You had to make it on your own, is what Grandpa told me when I came back and he started speaking to me again.

Where's my way, my tribe, my guide?

You on the path for it now.

Thanks for nothing.

I followed in the big man's wake, catching up, thinking
about what I was going to do-jump up and grab the choke or
go low and take out the knees. He stayed mostly man, which
made it easier to think. Of course, when you have to think
about these things before you do them, they don't turn out
well.

I wasn't fast enough. Good thing, or else I wouldn't be
talking about it now. And the woman, she'd be dead.

He caught up to her and shoved. She screamed as she
went flying into naked air, and when she stopped flying she
vanished into the track pit.

A gust of warm, humid air blew in, then surged out of the
tunnel.

The man kept moving on through the crowd as I came to
the platform edge. A few suits shouted, stirred from their iPod
cocoons by a sense of having just missed something. I knew
the feeling. A young girl in a school uniform pointed down
at the tracks. A knot of teenage boys whooped and laughed.
Maybe there was something down there, maybe there wasn't.
A fat rat plodded away to the other side of the station. Fast
food wrappings and newspaper pages danced in the air. A roar
was building.

The big man wasn't so big anymore, like he was making
his way down a different horizon line than everyone else. He
looked back at something way behind me, maybe the distant
crowd of its and his victim, and then he dipped below the
range of shoulders and was gone. There was no two-faced
man. No woman either.

Grandpa settled down inside me. I never knew he could
get upset like that.

On the uptown side of the station, a twenty-something
who looked like he'd stayed up from a night of clubbing broke
into a free-form flow like he was the headliner and we'd all
come to hear him and the sound of that train coming was our
love and adulation taking him higher and higher. I have no
idea what he was rapping about.

So I jumped.

The lights of the lead subway car were the eyes of that
thing I'd seen on the second take of Mr. Muscle, only they
were flashing with the fire from full clips being dumped on
me.

My hand settled on something warm, soft. Moaning.
There she was. I grabbed an arm, pulled. Got hold of her hip,
slid my hand up under the other shoulder. There was space
below the platform. I dragged her to cover.

Happened to me once. Small, smelly guy, spilling blood
himself, pulled me from a burning wreckage over stone and
dust and sheet metal, through a tangle of poles and beach umbrellas and plastic sheeting, to a quiet little spot underneath
sides of meat quietly flaming. We listened to gunfire crackling
and kids crying for a while.
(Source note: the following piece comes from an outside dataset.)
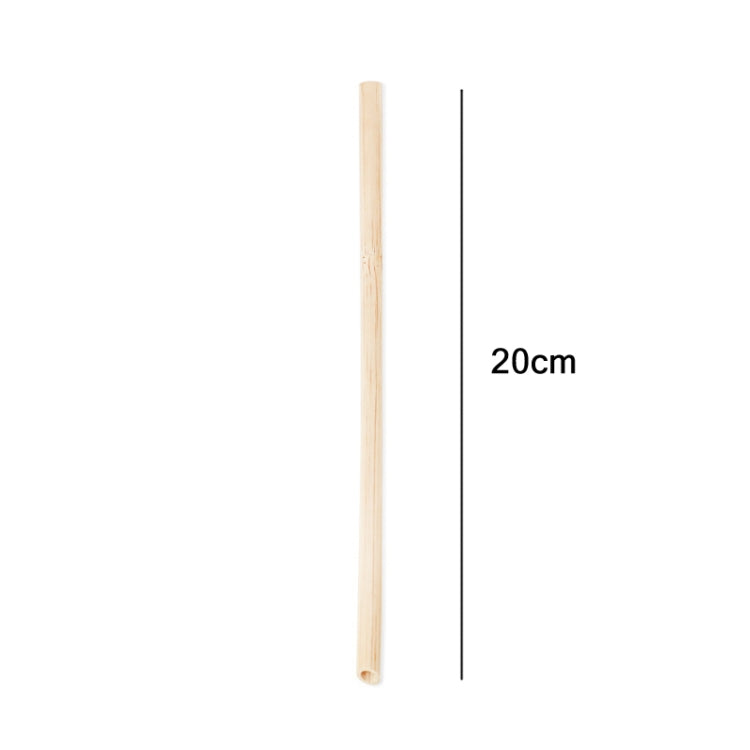 10 PCS Juice Coffee Pearl Milk Tea Natural Degradable Bamboo Straw, Style: 20cm Oblique by bashfashion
Don't know what happened to him
after the evac.

I held the woman tight against my chest, legs around her
hips to keep her from rolling. Her hair flew and crawled all
around my face and head as the train blasted past its inches
away. For a second I didn't know where I was anymore. Too
many dreams, too much reality.

She was a warm, trembling bundle against my beating
heart. I closed my eyes, and turned my head so her hair could
get all of me, neck, ears, eyes, and lips-like she cared-and her fingers were memorizing the shape of me and I was something special to her.

But the train screeched to a stop and we choked and
coughed on a burnt, electric stink and dust and she broke free
but knocked her head against a car's undercarriage and stared
at me like I was the one who'd thrown her down there.

Her face was rounder than I thought, now that I could see
it with her hair flowing away, reaching for the light and the air
and freedom.

"Sorry," I said, pulling my legs away from her because I was
afraid that even with everything going on I'd get a hard-on
and that would make the situation a complete cluster fuck.

People were shouting above me and I thought I was okay,
though my knees and hips were singing like an out-of-tune
choir. I thought we could crawl to one end of the station and
get out, so I pointed and started moving. If there's one thing
hearing voices, much less combat, taught me, it was recovery.
If you just lay there, you're screwed. Keep moving.